> Instructions to follow:
Could you set down exactly the lines that start at the one containing "A guide to winding" and end at the final line of the material below?

> Data to use:

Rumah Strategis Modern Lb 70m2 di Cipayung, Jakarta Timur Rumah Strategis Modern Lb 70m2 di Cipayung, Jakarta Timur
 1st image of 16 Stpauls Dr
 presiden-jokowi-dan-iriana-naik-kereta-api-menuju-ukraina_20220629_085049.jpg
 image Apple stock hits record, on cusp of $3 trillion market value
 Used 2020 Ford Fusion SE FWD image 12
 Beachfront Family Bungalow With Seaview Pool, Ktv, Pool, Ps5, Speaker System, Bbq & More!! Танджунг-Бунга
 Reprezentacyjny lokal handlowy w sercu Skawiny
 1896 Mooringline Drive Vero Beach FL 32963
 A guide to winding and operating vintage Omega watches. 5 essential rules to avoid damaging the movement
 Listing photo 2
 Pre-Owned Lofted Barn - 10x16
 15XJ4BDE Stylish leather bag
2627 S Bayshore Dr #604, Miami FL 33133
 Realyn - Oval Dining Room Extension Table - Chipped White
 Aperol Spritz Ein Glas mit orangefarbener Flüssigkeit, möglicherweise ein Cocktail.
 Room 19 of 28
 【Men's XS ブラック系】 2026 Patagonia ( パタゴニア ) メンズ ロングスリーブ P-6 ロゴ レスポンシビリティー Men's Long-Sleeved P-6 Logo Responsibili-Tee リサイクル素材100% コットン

> Response:
 A guide to winding and operating vintage Omega watches. 5 essential rules to avoid damaging the movement
 Listing photo 2
 Pre-Owned Lofted Barn - 10x16
 15XJ4BDE Stylish leather bag
2627 S Bayshore Dr #604, Miami FL 33133
 Realyn - Oval Dining Room Extension Table - Chipped White
 Aperol Spritz Ein Glas mit orangefarbener Flüssigkeit, möglicherweise ein Cocktail.
 Room 19 of 28
 【Men's XS ブラック系】 2026 Patagonia ( パタゴニア ) メンズ ロングスリーブ P-6 ロゴ レスポンシビリティー Men's Long-Sleeved P-6 Logo Responsibili-Tee リサイクル素材100% コットン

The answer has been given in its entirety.